In previous versions of `ShopifyApp::Authenticated` controller concern, App Bridge embedded apps were able to include the `Authenticated` controller concern in the `HomeController` and other embedded controllers. This is no longer supported due to browsers blocking 3rd party cookies to increase privacy. App Bridge 3 is needed to handle all embedded sessions.

For more details on how to handle embeded sessions, refer to [the session token documentation](https://shopify.dev/apps/auth/oauth/session-tokens).

### `redirect_uri is not whitelisted`

* Ensure you have set the `HOST` environment variable to match your host's URL, e.g. `http://localhost:3000` or `https://my-host-name.trycloudflare.com`.
* Update the app's URL and whitelisted URLs in App Setup on https://partners.shopify.com

### `This app can’t load due to an issue with browser cookies`

This can be caused by an infinite redirect due to a coding error
To investigate the cause, you can add a breakpoint or logging to the `rescue` clause of `ShopifyApp::CallbackController`.

One possible cause is that for XHR requests, the `Authenticated` concern should be used, rather than `RequireKnownShop`.
See below for further details.

## Controller Concerns
### Authenticated vs RequireKnownShop
The gem heavily relies on the `current_shopify_domain` helper to contextualize a request to a given Shopify shop. This helper is set in different and conflicting ways if the request is authenticated or not.

Because of these conflicting approaches the `Authenticated` (for use in authenticated requests) and `RequireKnownShop` (for use in unauthenticated requests) controller concerns must *never* be included within the same controller.

#### Authenticated Requests
For authenticated requests, use the [`Authenticated` controller concern](https://github.com/Shopify/shopify_app/blob/main/app/controllers/concerns/shopify_app/authenticated.rb). The `current_shopify_domain` is set from the JWT for these requests.

#### Unauthenticated Requests
For unauthenticated requests, use the [`RequireKnownShop` controller concern](https://github.com/Shopify/shopify_app/blob/main/app/controllers/concerns/shopify_app/require_known_shop.rb). The `current_shopify_domain` is set from the query string parameters that are passed.

## Debugging Tips

If you do run into issues with the gem there are two useful techniques to apply: Adding log statements, and using an interactive debugger, such as `pry`.
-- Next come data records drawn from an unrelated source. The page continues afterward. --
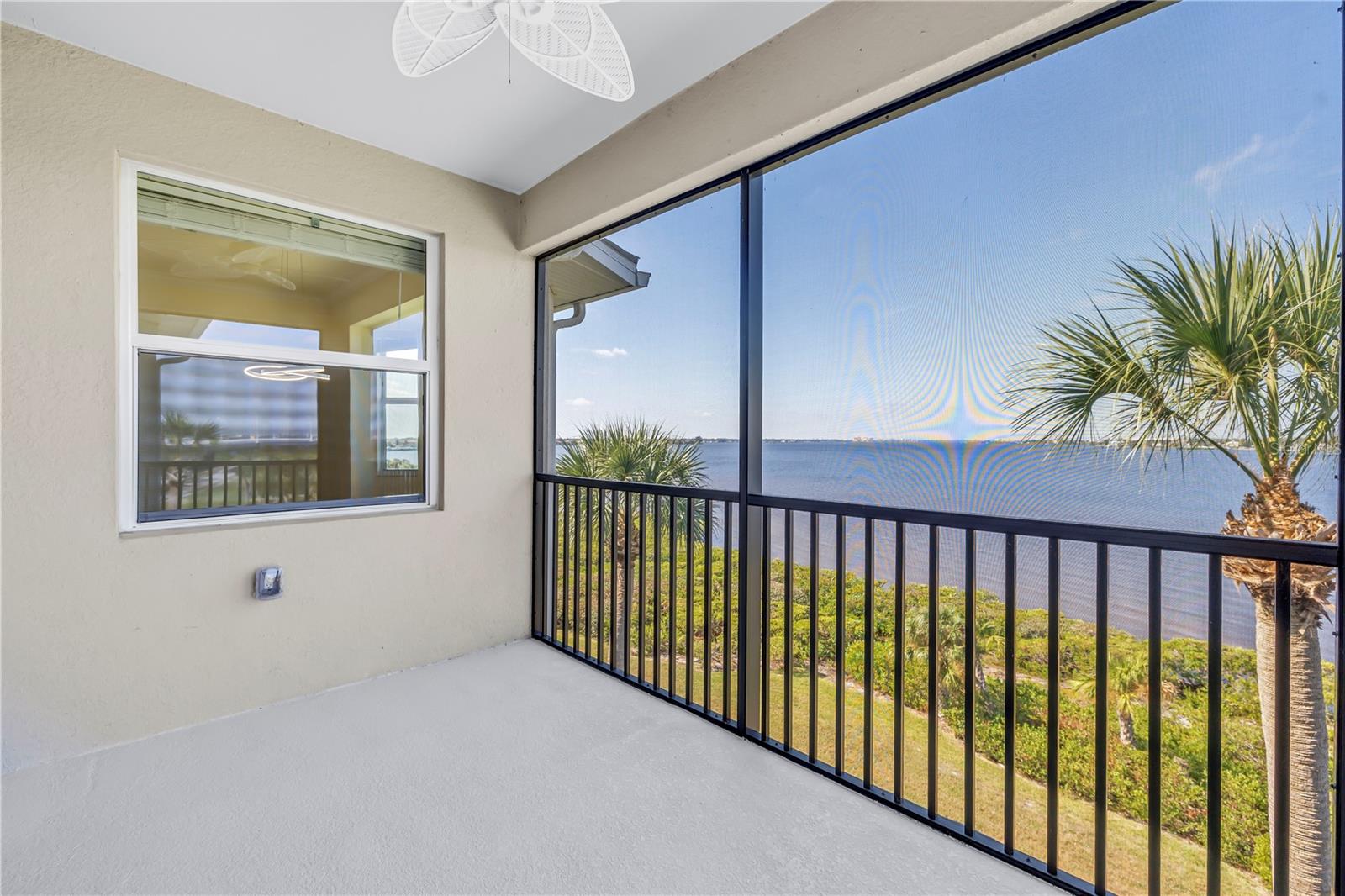 Image 45 of 67 For 1030 Tidewater Shores Loop 405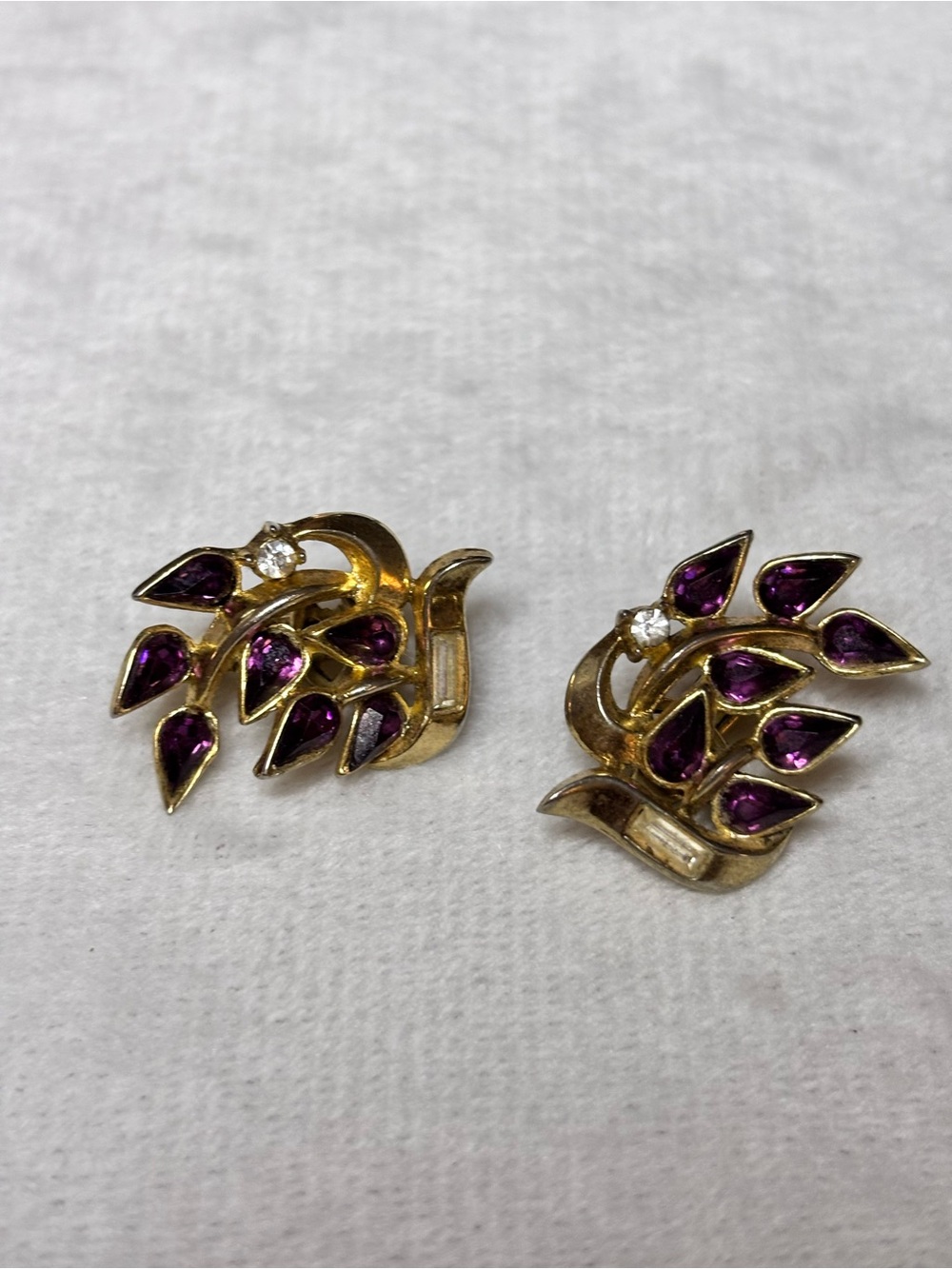 Vintage Signed Trifari Purple Rhinestone Leaf Spray Clip On Earrings
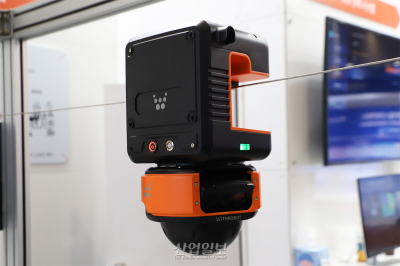 대형 산업 설비 이상 감시하는 ‘AI 이동형 로봇’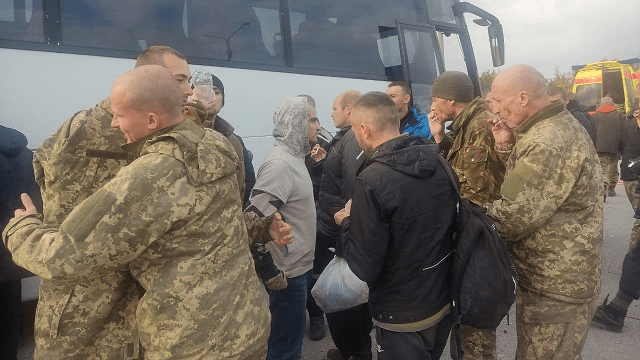 Оборонці ЧАЕС, Азовці та морська піхота: у ГУР розкрили деталі чергового обміну полоненими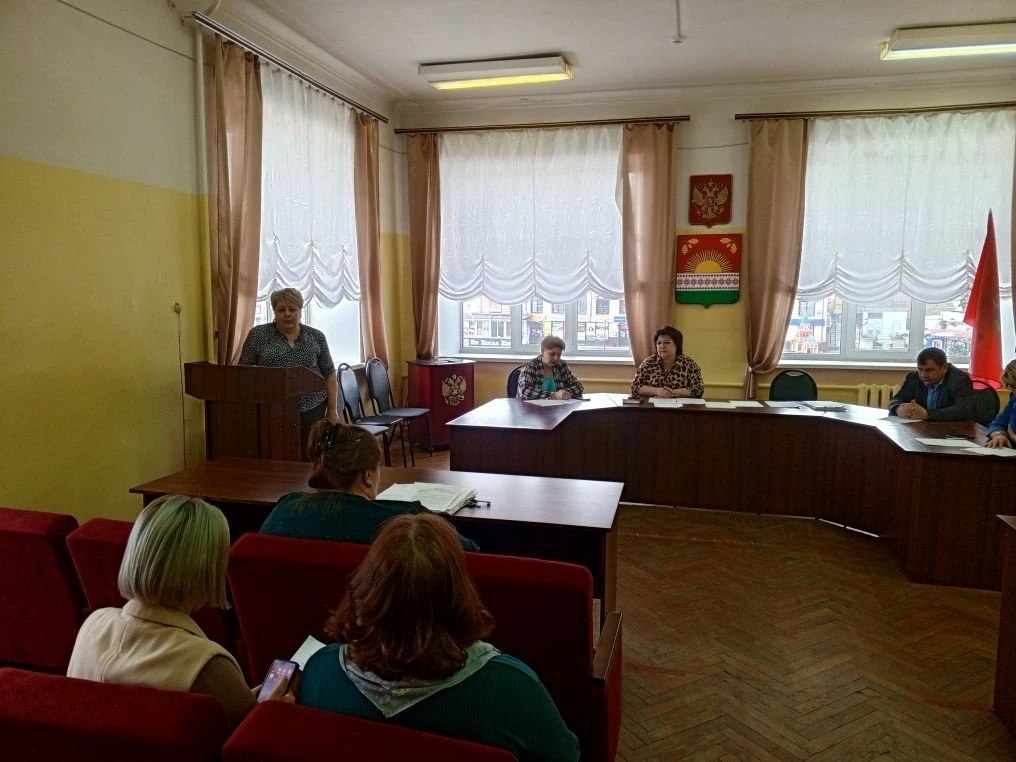 Заседание трехсторонней комиссии по регулированию социально - трудовых отношений в Клинцовском районе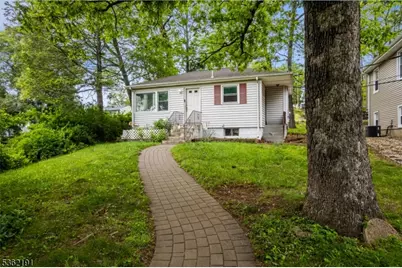 519 Davsel Rd, Roxbury Township, NJ 07850 - Photo 1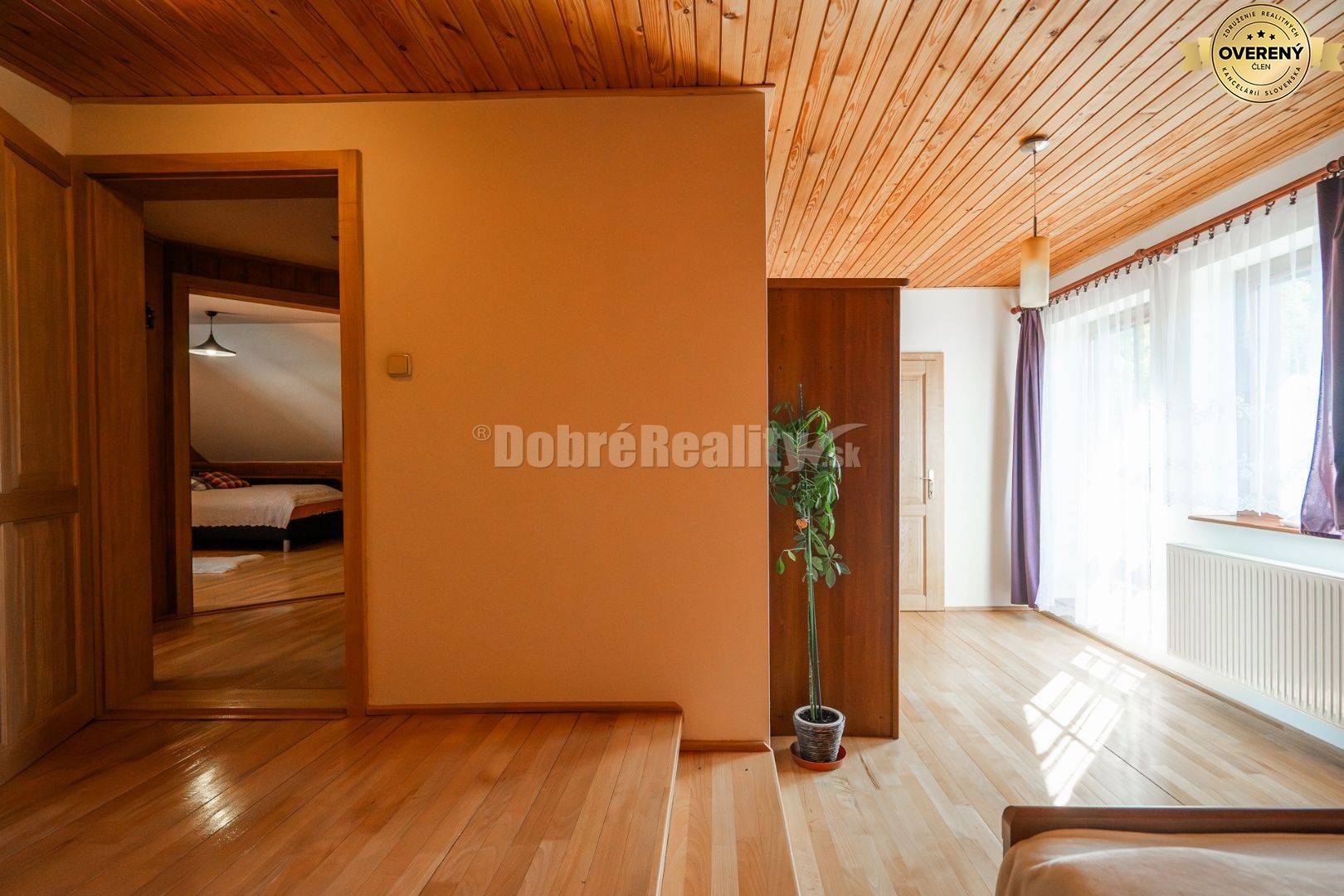 PREDAJ: Rodinný dom na brehu Čierneho Hrona s menším pozemkom, 160 m2,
You can temporarily add log statements or debugger calls to the `shopify_app` or `shopify-api-ruby` gems:
  * You can modify a gem using [`bundle open`](https://boringrails.com/tips/bundle-open-debug-gems)
  * Alternatively, you can your modify your `Gemfile` to use local locally checked out gems with the the [`path` option](https://bundler.io/man/gemfile.5.html).

Note that if you make changes to a gem, you will need to restart the app for the changes to be applied.